What to produce: Look through the records below and copy each line that includes the word "with".

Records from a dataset
----
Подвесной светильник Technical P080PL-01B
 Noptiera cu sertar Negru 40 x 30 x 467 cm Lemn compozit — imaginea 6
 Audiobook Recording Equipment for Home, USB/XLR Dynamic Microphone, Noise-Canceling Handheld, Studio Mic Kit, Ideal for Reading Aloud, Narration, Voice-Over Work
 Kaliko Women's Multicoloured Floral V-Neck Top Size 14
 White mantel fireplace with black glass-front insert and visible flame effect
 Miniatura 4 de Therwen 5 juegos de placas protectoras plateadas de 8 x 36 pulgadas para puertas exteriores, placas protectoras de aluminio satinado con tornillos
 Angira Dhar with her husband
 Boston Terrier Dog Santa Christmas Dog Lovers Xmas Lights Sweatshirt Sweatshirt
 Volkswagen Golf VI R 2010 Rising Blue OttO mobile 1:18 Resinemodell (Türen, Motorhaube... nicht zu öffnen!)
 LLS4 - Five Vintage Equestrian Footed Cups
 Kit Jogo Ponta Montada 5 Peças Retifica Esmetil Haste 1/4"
----
Exercise result:
 White mantel fireplace with black glass-front insert and visible flame effect
 Angira Dhar with her husband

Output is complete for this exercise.